> _Exercise_:
The lines to extract run from the first line of the material below to the line containing "Hello viewers, welcome", both included; leave the pictures behind.

.....

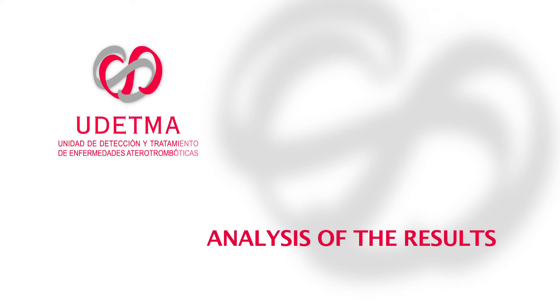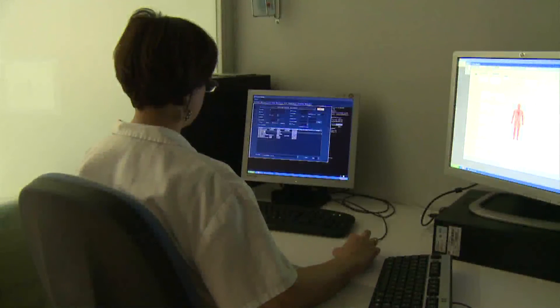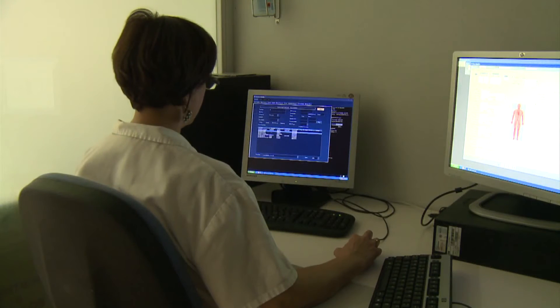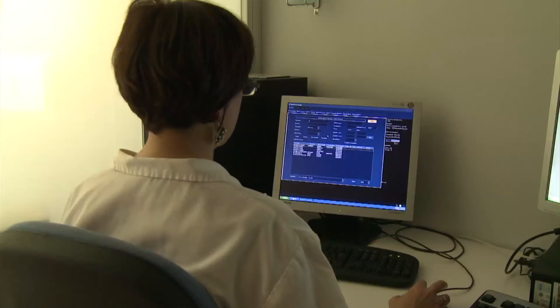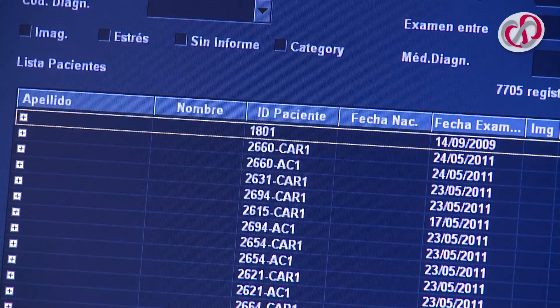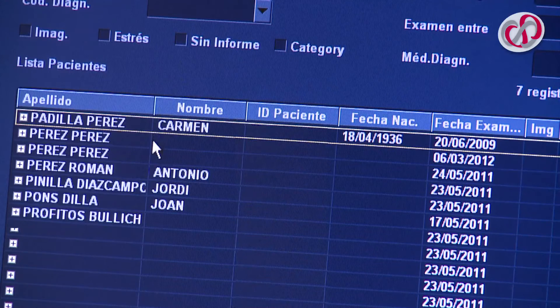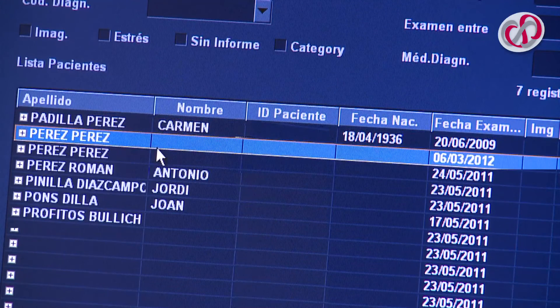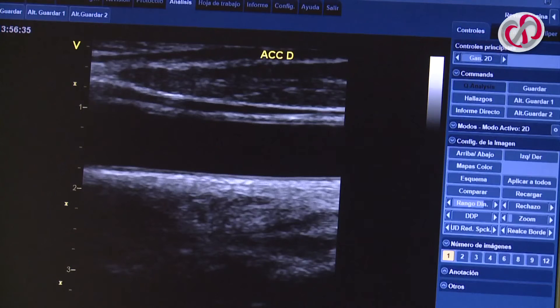Analysis of the Results: At a later date, the exploration is analysed on a central image reading unit. Step 1: Enter the reading programme. Step 2: Select the patient and open the study. Step 3: Once within the study, select the image to evaluate.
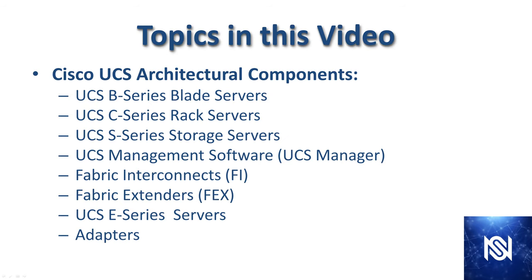Topics in this video: We're going to take a really brief look at UCS B series, UCS C series, the S series storage servers, UCS management software, the Fabric Interconnects, FEXs, UCS E series server, and adapters.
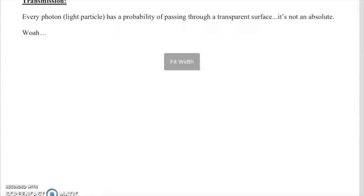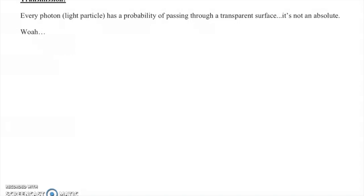Finally, transmission is simply how light moves through materials. Every photon — every light particle — has only a probability of actually passing through a surface; it's not guaranteed even for a transparent surface. This raises the question of what determines that probability, which we'll explore more deeply when we get to diffraction and double- and single-slit experiments.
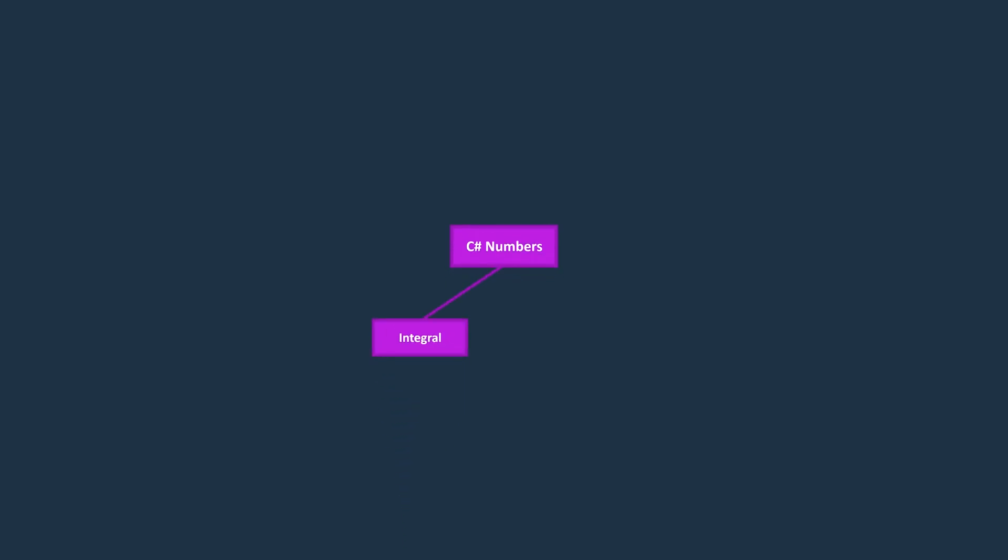In C#, there are two main categories of numeric data types: integral numbers and floating-point numbers. Integral numbers are used to represent whole numbers, such as 1, 2, 3.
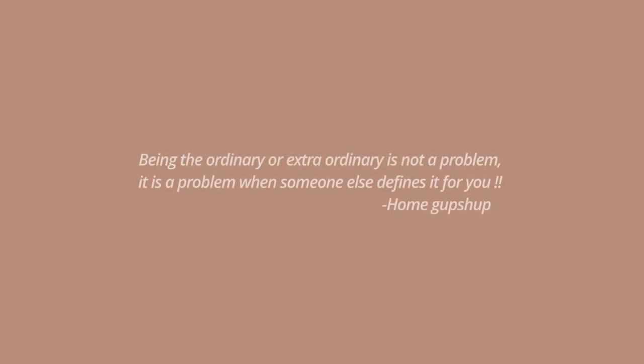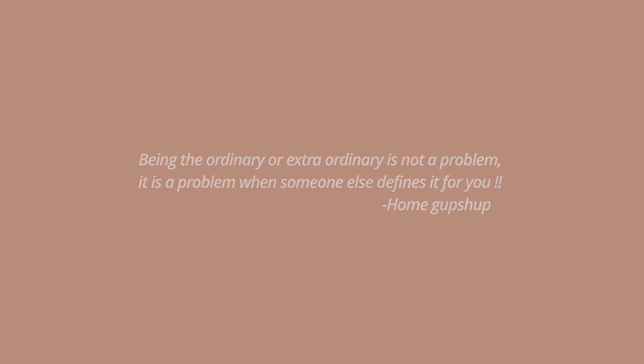Being the ordinary or extraordinary is not a problem. It is a problem when someone else defines it for you.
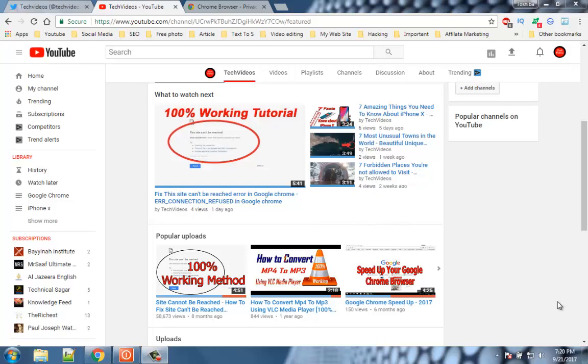Hello viewers, welcome to our channel tech videos. In this video we are sharing with you most useful features for Google Chrome users. Keep watching and stay with us.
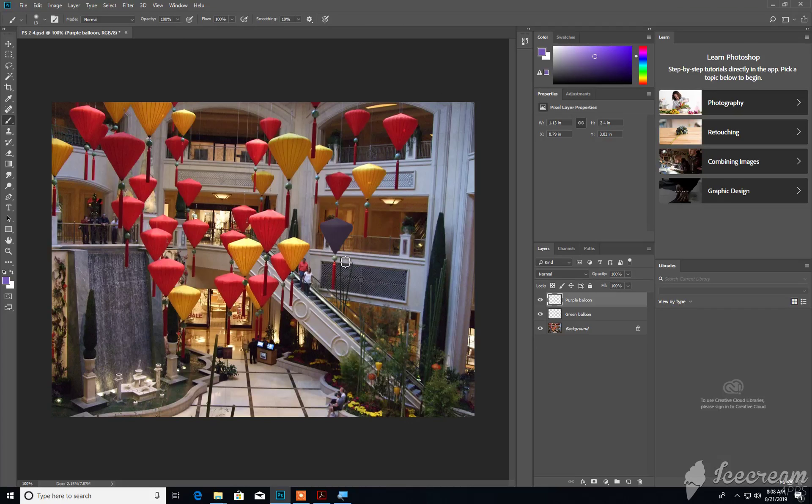There's another option that you can use for taking steps back, which is the History panel, which is what we will talk about next.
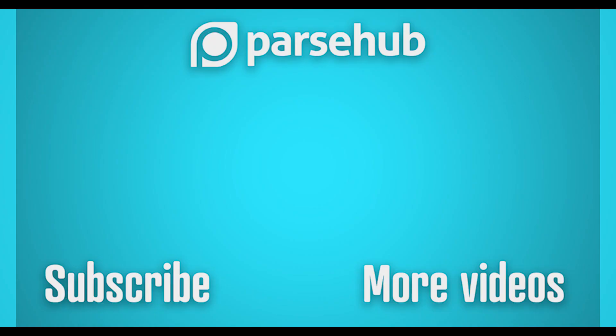Thank you for watching this video. Check us out at Parsehub.com and subscribe to our YouTube channel for more videos on web scraping, data, and the internet. Happy scraping!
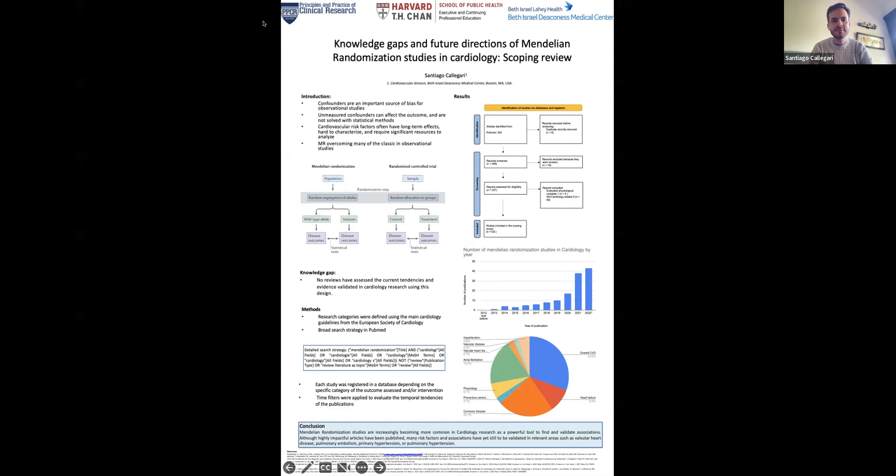What I found was that current Mendelian Randomization studies have become increasingly more common. You can see in the graph that in 2022, over 40 studies were published on Mendelian Randomization in cardiology. This has been constantly increasing across the last few years — in 2012 we did not have a single Mendelian Randomization study, and in 2022 we had over 40 just in that year at the time I made the review.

.....

> _Response_:
Analysis of the Results: At a later date, the exploration is analysed on a central image reading unit. Step 1: Enter the reading programme. Step 2: Select the patient and open the study. Step 3: Once within the study, select the image to evaluate.
Topics in this video: We're going to take a really brief look at UCS B series, UCS C series, the S series storage servers, UCS management software, the Fabric Interconnects, FEXs, UCS E series server, and adapters.
Finally, transmission is simply how light moves through materials. Every photon — every light particle — has only a probability of actually passing through a surface; it's not guaranteed even for a transparent surface. This raises the question of what determines that probability, which we'll explore more deeply when we get to diffraction and double- and single-slit experiments.
In C#, there are two main categories of numeric data types: integral numbers and floating-point numbers. Integral numbers are used to represent whole numbers, such as 1, 2, 3.
Being the ordinary or extraordinary is not a problem. It is a problem when someone else defines it for you.
Hello viewers, welcome to our channel tech videos. In this video we are sharing with you most useful features for Google Chrome users. Keep watching and stay with us.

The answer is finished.